According to Europol’s chief of staff, Brian Donald, no less than 10,000 migrant children have gone missing in Europe. It is feared that some of them fell in the hands of drug gangs, human traffickers, or were sold into the sex industry. Others may have travelled to family or friends in Europe without reporting it. They have all but disappeared.
And their story risks disappearing, if it were not for documentation.
Adriana Homolova, a data journalist, and her colleagues from Lost in Europe seek to recover the stories of migrants, with a focus on missing children. Lost in Europe consists of a team of investigative journalists from the Netherlands, Belgium, Italy, Germany, France, Greece and the UK, who are collaborating to find out what has happened to the disappeared children in Europe.

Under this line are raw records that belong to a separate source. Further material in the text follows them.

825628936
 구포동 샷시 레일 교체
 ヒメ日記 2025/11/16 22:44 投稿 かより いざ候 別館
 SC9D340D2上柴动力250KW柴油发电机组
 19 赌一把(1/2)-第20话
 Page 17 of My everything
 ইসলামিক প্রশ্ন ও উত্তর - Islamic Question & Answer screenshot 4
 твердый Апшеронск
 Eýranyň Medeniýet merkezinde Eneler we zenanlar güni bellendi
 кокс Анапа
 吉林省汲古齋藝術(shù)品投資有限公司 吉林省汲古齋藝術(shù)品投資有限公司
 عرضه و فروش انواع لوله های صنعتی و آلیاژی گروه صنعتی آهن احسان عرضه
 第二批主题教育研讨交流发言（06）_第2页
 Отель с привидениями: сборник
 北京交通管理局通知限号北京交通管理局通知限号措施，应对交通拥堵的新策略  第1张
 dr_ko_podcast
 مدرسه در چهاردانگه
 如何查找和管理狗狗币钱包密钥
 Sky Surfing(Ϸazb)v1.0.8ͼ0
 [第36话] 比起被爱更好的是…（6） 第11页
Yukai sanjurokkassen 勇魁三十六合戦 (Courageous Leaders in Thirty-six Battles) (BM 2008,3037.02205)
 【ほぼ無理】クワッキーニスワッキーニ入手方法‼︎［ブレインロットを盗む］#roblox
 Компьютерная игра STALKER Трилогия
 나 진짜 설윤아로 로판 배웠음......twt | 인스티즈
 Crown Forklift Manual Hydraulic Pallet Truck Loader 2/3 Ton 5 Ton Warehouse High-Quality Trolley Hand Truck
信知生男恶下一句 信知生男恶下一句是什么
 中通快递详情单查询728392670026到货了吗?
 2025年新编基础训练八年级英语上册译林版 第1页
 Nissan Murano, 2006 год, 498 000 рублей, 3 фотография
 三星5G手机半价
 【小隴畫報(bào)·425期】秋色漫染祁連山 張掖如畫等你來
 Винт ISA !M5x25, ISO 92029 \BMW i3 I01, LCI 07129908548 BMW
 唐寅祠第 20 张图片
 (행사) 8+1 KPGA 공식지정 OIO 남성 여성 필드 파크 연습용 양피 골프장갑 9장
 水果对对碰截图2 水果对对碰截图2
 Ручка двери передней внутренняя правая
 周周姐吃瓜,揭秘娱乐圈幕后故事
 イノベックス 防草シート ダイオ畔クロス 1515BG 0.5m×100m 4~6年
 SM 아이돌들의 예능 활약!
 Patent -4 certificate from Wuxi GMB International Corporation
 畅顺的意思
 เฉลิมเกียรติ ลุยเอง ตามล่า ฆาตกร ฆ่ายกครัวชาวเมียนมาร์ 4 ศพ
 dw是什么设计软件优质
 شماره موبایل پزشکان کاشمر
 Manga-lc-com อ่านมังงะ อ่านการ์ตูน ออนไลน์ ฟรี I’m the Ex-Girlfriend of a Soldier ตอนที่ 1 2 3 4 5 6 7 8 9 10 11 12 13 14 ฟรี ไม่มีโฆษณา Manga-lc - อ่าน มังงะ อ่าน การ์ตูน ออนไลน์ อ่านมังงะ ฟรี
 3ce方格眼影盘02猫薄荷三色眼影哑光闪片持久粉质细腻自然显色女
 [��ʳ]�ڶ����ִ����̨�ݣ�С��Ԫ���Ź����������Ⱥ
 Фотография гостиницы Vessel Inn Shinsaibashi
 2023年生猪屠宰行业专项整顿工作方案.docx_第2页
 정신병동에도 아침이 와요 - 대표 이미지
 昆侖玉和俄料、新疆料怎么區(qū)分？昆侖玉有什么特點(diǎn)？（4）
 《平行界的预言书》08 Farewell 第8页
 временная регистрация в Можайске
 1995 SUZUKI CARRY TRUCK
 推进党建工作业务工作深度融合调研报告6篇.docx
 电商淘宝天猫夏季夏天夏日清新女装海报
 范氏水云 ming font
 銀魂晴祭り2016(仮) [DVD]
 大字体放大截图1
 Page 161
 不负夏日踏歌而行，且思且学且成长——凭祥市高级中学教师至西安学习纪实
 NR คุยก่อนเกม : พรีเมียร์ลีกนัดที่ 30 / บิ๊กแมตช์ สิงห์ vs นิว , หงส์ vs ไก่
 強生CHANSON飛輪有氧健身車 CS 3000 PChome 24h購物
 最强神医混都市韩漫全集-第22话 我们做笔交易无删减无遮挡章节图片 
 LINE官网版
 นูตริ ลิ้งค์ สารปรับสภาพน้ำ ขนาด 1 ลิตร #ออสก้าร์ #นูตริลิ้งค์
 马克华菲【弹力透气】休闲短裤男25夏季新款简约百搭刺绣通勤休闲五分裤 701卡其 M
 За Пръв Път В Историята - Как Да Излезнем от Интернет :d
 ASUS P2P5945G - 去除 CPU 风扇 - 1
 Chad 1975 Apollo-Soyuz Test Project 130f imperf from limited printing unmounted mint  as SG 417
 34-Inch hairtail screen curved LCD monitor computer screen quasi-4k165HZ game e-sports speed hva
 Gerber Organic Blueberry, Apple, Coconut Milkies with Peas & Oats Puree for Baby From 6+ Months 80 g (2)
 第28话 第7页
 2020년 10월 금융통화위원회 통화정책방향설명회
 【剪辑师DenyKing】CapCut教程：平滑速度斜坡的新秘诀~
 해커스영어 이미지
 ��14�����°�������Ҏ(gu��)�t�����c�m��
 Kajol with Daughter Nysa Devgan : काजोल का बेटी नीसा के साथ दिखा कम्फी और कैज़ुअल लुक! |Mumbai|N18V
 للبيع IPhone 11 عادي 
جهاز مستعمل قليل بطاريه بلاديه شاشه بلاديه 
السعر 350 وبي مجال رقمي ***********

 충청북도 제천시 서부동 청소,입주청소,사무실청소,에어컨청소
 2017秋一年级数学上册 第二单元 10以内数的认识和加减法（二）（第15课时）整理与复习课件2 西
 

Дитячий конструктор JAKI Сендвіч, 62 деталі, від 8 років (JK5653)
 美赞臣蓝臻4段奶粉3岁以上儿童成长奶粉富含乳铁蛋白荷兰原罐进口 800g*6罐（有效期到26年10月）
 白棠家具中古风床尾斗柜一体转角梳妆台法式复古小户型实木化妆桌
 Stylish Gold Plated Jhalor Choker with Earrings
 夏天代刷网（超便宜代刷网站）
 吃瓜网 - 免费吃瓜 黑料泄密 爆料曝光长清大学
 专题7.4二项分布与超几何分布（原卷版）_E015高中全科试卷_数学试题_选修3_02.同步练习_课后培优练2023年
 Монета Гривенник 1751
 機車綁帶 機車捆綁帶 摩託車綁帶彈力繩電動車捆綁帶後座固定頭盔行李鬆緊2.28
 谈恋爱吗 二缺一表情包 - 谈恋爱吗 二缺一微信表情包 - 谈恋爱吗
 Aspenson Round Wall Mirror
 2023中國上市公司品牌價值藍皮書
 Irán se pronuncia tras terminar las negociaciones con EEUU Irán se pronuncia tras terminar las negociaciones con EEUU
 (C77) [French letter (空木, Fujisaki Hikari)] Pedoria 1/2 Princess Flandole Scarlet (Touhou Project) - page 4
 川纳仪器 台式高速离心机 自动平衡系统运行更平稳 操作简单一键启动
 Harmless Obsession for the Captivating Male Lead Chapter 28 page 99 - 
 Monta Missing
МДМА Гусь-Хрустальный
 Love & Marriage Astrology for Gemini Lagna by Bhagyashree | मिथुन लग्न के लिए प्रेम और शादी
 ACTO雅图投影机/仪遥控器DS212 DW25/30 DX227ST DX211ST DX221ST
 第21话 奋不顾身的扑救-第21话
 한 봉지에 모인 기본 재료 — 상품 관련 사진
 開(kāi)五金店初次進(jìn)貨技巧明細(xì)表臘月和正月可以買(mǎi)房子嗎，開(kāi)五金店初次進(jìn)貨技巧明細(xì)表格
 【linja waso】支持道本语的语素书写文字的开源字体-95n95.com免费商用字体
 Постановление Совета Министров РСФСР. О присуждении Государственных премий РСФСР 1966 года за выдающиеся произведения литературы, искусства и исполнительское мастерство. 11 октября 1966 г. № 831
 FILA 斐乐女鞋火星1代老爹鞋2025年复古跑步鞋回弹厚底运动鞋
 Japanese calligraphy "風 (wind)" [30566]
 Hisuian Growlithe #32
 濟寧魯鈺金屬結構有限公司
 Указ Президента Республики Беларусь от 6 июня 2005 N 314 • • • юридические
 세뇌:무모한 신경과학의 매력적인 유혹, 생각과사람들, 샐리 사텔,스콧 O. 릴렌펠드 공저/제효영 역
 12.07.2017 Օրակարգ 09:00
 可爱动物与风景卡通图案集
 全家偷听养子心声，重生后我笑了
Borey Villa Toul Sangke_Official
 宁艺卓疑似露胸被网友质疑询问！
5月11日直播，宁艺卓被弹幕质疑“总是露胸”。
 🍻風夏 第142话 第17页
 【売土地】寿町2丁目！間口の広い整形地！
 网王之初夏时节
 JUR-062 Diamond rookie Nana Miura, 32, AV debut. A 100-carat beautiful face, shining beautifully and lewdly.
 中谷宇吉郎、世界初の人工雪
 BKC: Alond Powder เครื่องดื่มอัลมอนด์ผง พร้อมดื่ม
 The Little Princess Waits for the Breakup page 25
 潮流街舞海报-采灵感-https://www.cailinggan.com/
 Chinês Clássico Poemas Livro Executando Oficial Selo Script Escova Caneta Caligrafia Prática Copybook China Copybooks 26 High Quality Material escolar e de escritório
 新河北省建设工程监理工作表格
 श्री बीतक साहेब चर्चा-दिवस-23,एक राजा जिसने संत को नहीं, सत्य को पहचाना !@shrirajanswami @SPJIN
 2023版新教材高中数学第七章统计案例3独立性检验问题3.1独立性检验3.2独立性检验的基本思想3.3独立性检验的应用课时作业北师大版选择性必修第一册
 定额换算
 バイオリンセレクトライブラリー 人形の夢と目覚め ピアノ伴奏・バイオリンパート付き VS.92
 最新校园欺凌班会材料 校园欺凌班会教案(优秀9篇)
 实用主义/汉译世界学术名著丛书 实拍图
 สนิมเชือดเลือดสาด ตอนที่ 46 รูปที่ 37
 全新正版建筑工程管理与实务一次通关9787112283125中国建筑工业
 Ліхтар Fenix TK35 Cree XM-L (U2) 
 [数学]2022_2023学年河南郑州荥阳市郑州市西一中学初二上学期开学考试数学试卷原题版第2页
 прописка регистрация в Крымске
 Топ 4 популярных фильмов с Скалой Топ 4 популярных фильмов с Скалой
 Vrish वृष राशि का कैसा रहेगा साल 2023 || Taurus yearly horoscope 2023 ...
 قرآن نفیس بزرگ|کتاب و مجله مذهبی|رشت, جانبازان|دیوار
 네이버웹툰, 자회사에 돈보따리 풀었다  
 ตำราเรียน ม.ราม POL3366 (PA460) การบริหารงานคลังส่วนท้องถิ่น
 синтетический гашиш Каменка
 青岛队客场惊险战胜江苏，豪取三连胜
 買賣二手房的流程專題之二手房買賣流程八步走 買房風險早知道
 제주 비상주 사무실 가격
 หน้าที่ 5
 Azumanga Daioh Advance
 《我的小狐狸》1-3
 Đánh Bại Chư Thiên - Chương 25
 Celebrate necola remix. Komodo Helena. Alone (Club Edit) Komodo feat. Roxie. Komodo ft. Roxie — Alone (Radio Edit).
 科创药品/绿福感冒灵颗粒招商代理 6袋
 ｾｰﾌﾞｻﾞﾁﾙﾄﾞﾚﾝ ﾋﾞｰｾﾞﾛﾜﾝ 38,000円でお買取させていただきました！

In this Volume Up edition, Adriana will share with us her experience with documenting migration, will give us tips on data collection on the issue, and will speak on the importance of documenting these experiences so that the world sees, understands and acts.
About the speaker:
Adriana Homolova is a Slovak born Netherlands-based data journalist. She specializes in the collection and making sense of (very large) excel tables. In the past, she has worked mainly for Dutch newsrooms: Investico (investigative journalism), One World (human rights and environment) and Pointer (data newsroom in public broadcast). Since 2020 she has been involved as a data specialist in various cross border projects at the OCCRP, Arena for Journalism in Europe and Lost in Europe. She is also a data skills trainer. In 2021, she collected and analysed data on missing migrant minors from 30 European countries.